History for versioned data generally consists of the description of the activity that created the data, and the inputs to that activity. When pruning occurs, it will probably result in a list of activities to be associated with a saved later version. Let Vi mean the I-th version of a data object V.

A1-->V1 (read-only)

V1->A2-->V2 (read-only)

V2->A3-->V3 (read-only)

If you delete V2, you probably want to augment the activity history of V3 so it reflects the application of both A2 and A3 in that order. Hence, we could say the composite activity of A2 and A3 took V1 as input and produced V3:

V1-->(A2, A3)-->V3 (read-only)

In practice, pruning of versioned data and making recoverable copies of mutable data can make it hard to determine whether a given data item is inherently mutable or versioned. Either way, data items may have a list of activities that collectively created it, and there is a (possibly degenerate) tree of recoverable versions, a way to prune it, and a way to extend it.

Mutability or versionability is treated here as a property of data. Clearly, it is related to application actions, and in particular, the provision of undo methods, which could be directly implemented by the application (for individual user actions), or which could be behavior of a DBMS (for backing out whole transactions).

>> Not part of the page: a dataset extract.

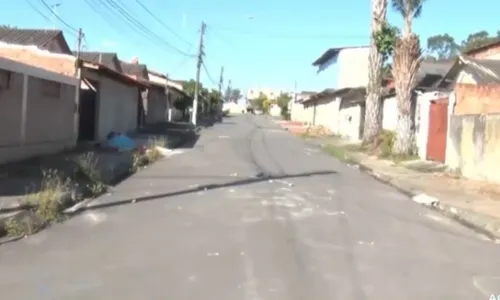 
          Imagem ilustrativa da imagem Suspeito invade casa e ataca morador com facão na Serra
          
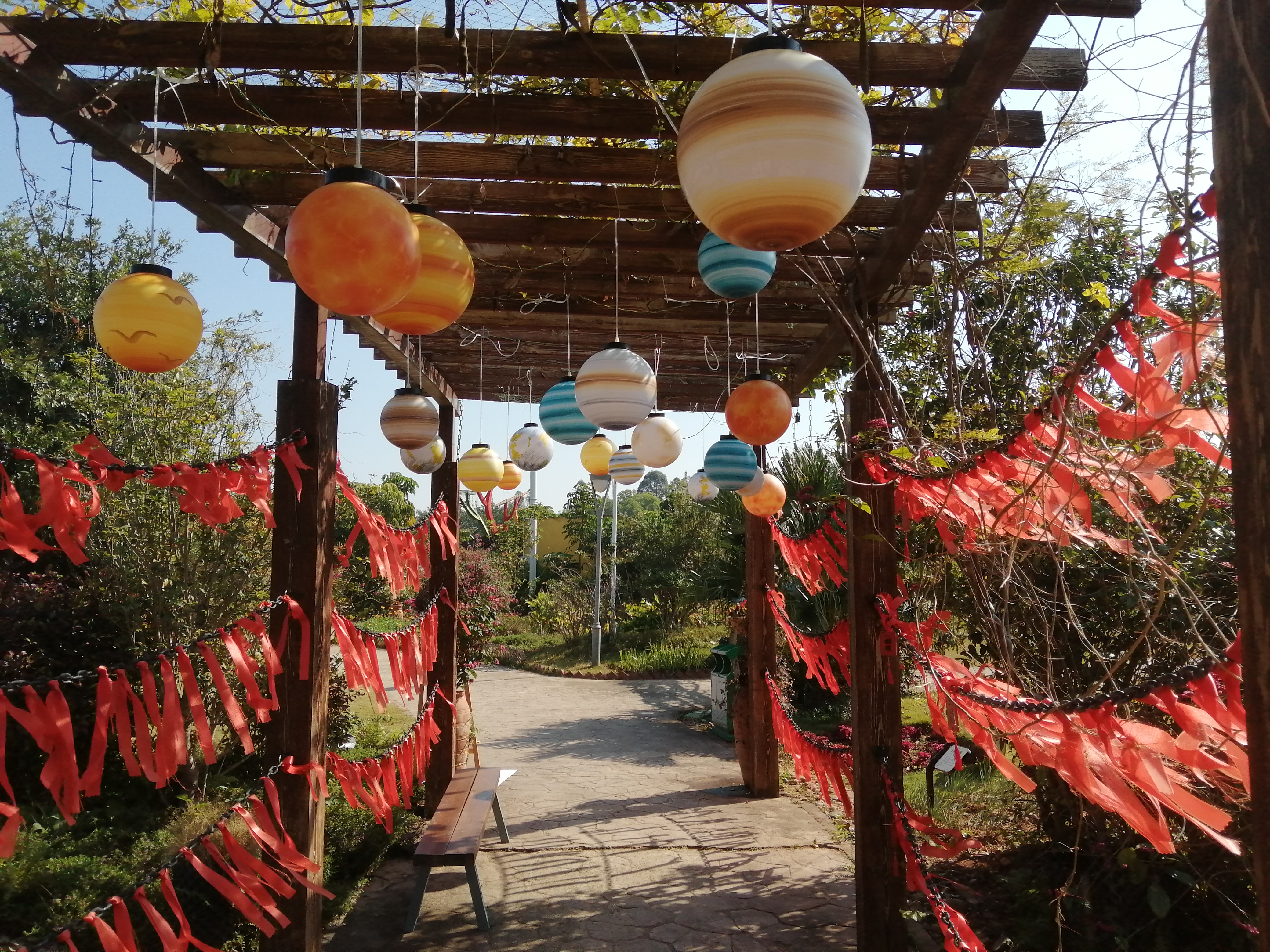 客天下(四):客天下田园花海CS战场山地车小朋友玩得乐不思蜀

Identity preserving operations. Applications take data items as input and create data items. In some cases, there is a strong identity shared by a given input and a given output. For example, a program that applies a cable-stretch correction to a well log takes a log as input and either modifies it in place, or creates a modified copy. The output can be considered an update-to, or a modified version of the input, and a user views this as applying an operation to the data without altering its identity. This contrasts with the case of a program that simply computes min, max, and mean of the numeric values in a well log. The min is not an update to the log, and it is not even a log. Preservation of identity is a property of an application and relates an input to one or more outputs. In the Activity model, this fact is registered in the Act_Tmpl_Data_Dependency. Inherits_Identity_Flag.

This is mentioned here because there are benefits of deciding whether data should be modified in place as opposed to replaced with a modified version, as a matter of policy of the overall deployed products, not a matter of policy for the applications to decide. Ideally, the application can flag that an output could potentially be a revised version of an input, but leave the actual decision to the product as a whole. A similar argument applies to recoverability. Many applications implement an undo operation that lets an operator get back to an earlier state. However, support for and implementation of data recoverability is a decision for the overall product, and cannot be subject to decisions taken by individual applications.

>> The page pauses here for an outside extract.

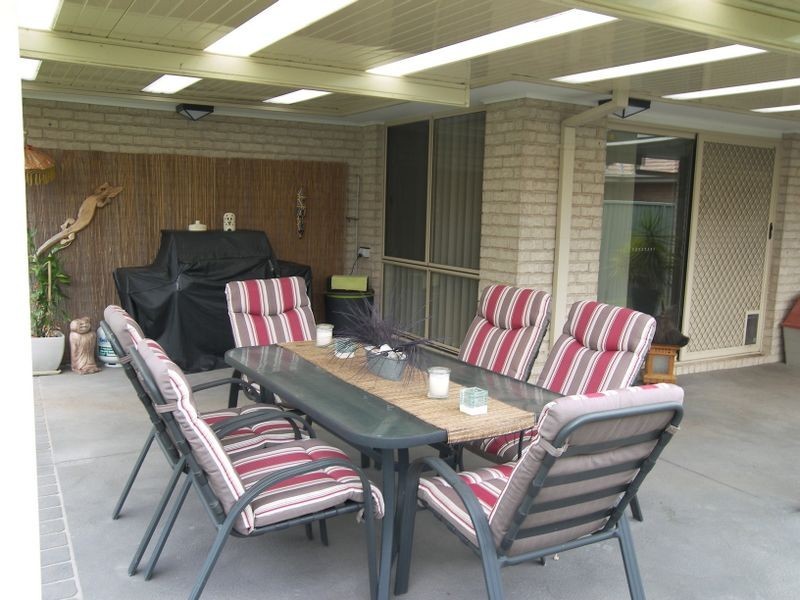 11 Ellenbrook Way, Albion Park NSW 2527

Input-output data. The strongest type of identity-preservation is the idea of input-output data, that is, data that is both read and updated by an application program. The Activity model supports the notion of input-output data. What this says is that the application can assume that the same instance of data is involved with both the read and write data. Although this may have its uses, the recommended practice is to treat all data as either strictly input or strictly output, and be aware that an input and an output may or may not actually be the same instance of data. Use of distinct input and output data roles allows the application framework to make decisions about whether the same data instance will be bound as in both roles, or whether the output will be a newly-created version as described above. When an application declares data to be both input and output, it forces all associated data to be mutable, and this may run contrary to the versioning strategy of the platform.